Farbe spielt eine große Rolle, sie wird symbolhaft, akzentuierend oder flächig eingesetzt. Maren Amini setzt auf „Farbbomben“ und die „Überraschung beim Umblättern“. Harte Bildränder gibt es nur auf den Seiten, auf denen sie einen neuen Vogel-Charakter einführt. Diese ganzseitigen Bilder sind mit Verzierungen im persischen Stil umgeben. Auf Abbildungs-Realismus verzichtet sie meist.
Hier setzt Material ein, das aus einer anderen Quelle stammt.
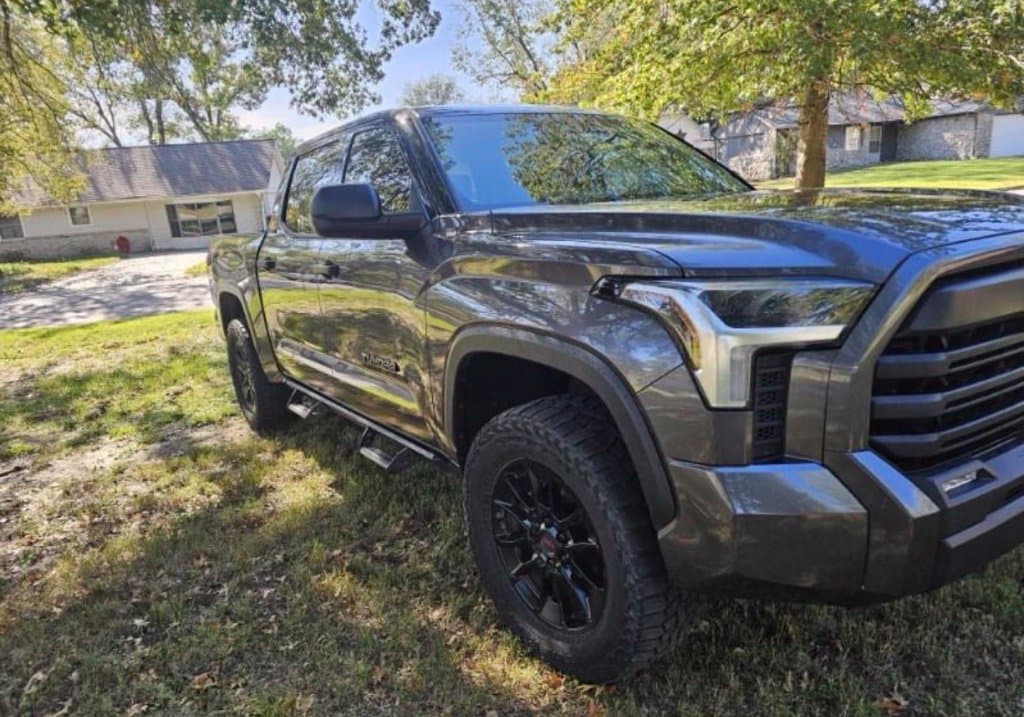 2022 Toyota Tundra 4WD SR5 — photo 1 of 34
Bei einigen Orten und Ereignissen ist ihr dagegen die Wiedererkennbarkeit wichtig. Dazu zählen in Hamburg die markante Fassade des Musikclubs „Grünspan“, der RAF-Anschlag 1972 auf die Axel Springer-Zentrale oder die Besetzung der Häuser in der Ekhofstraße, wo Ahmadjan in einer WG wohnte.
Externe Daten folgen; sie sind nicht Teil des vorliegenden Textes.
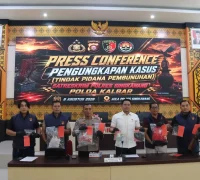 Polisi menunjukkan barang bukti kasus penembakan maut di Singkawang yang diduga dipicu sengketa tanah antar saudara.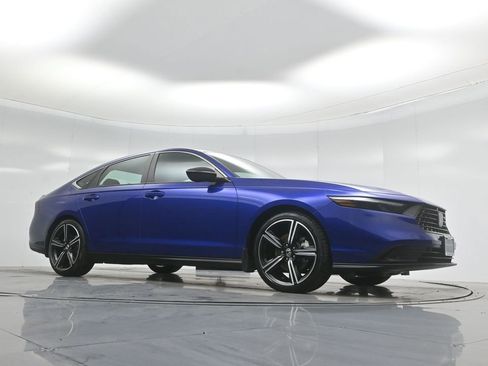 Used 2023 Honda Accord Sport image 3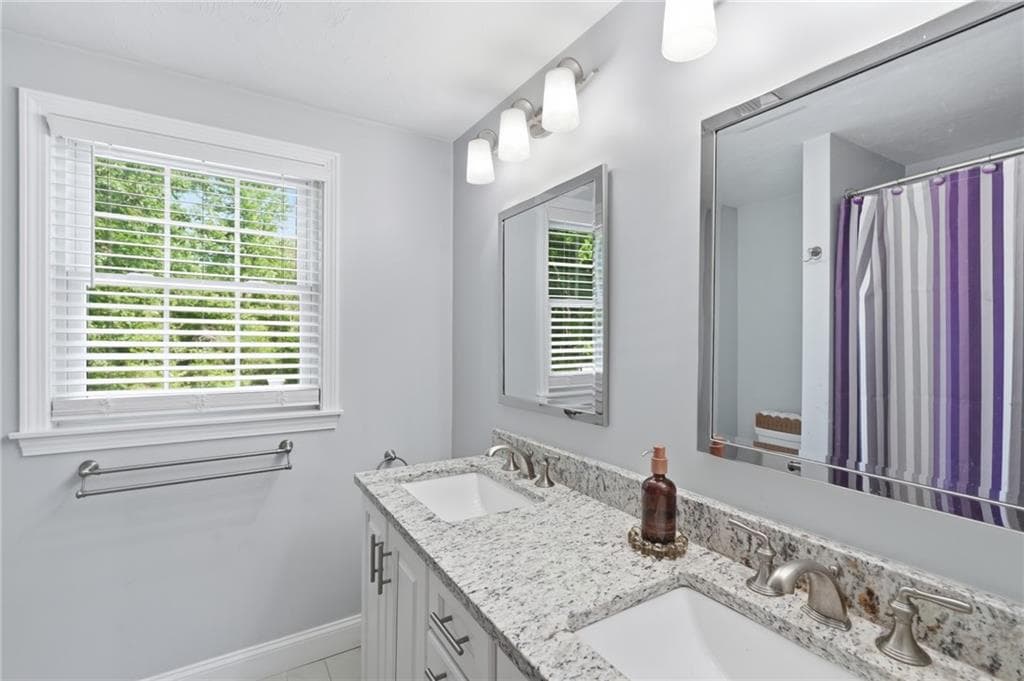 10 Stirling Drive photo 25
In Afghanistan sehen wir – kommentarlos – die riesigen Buddha-Statuen von Bamiyan, deren Gesichter die Taliban abgeschlagen haben, und begegnen mit Ahmadjan Personen der Zeitgeschichte wie Ahmad Shah Massoud: Der Anführer des Widerstands gegen die sowjetische Besatzung wurde kurz vor dem 11. September 2001 ermordet.
Er hatte vor dem islamistischen Extremismus gewarnt. Das alles bleibt ohne große Vorkenntnisse lesbar, im Zweifel hilft ein Glossar: „Ahmadjan und der Wiedehopf“ funktioniert auch wie ein Geschichtsbuch, nur halt viel schöner.